Here’s the Vilano folding bike version Mark I. I replaced the front brake cable and shoes and adjusted for grip and toe-in. The shoes should contact the rims very slightly toe-in to reduce chatter. You can usually close down a Crescent type wrench on the brake arm and adjust it with brute force-just not too much.
Then attach new shoes using the 10mm acorn nut. The washer always goes on the nut side. Clamp the brake all the way tight with bungee, clamp or helper, leaving enough threads on the adjuster to back it off the wheel the right distance after you tighten the cable clamp.
The looped but uncut brake cable was for testing only. When the stem and bar is adjusted correctly (for me always as tall as possible) cut the cable to length for safety (Dremel Moto-tool works best for me), and install a cable end cap to prevent stabbing. As Sergeant Major Cheapskate, I use cheap colored electrical wire nuts.
Somebody’s bad goopy black paint job on an alloy seat post. Why? Must have been scarred. So now it’s uglier and more scarred.
The Crescent wrench trick worked pretty well on the bent chain-ring too. That suspension spring should be tightened for my 185 lbs (84 kg), it bottoms out on some turns and bumps, but it is mondo tight so I haven’t messed with it.
The face and threads are good here but your Local Bike Shop (LBS) can chase and face it for you most times for a small fee if yours is rough.
This 68mm BB install was a fail as the bike’s BB shell is probably 73mm. So I bought a used cup-and-cone spindle and ball bearing set for $8USD at the flea market
Stem folding safety clamp was missing so I rigged this up out of an old headlight clamp. Safety first!
The drum brake works worse than already ineffectual normal clamp brakes but rear brakes are weak anyway, 75% of braking being done by the front. The rear brake is needed for wet downhills though, so have one, even if weak. No good place to mount the legally required red rear reflector so I installed this vintage one from an old Schwinn.
This bike really is redundant to my needs, nearly and merely duplicating the function of my Dahon singlespeed folder. It needs a lot of work and I can see wear all over. Unlike the Dahon it lacks fenders (UK: wings) and book-rack and there is no apparent easy way to install either with the suspension and the folding requirement.

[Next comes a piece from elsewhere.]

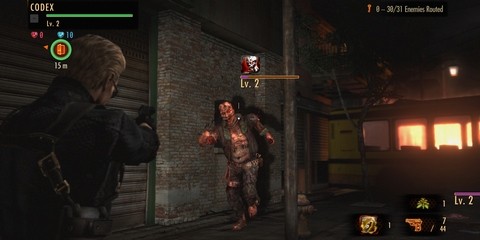 Resident Evil Revelations 2 screenshots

OTOH it’s cute as hell and will make good sale or trade bait toward what I really need, a hard-tail mountain bike of the near past to use at Folsom Lake. My man Robert at Pedal Pros likes folders too, as my friend Nick pointed out. So I’m taking it to Robert to see what he has in stock. Wish me luck. Cheers! (sorry, channeling Wheeler Dealer Mike Brewer there for a moment).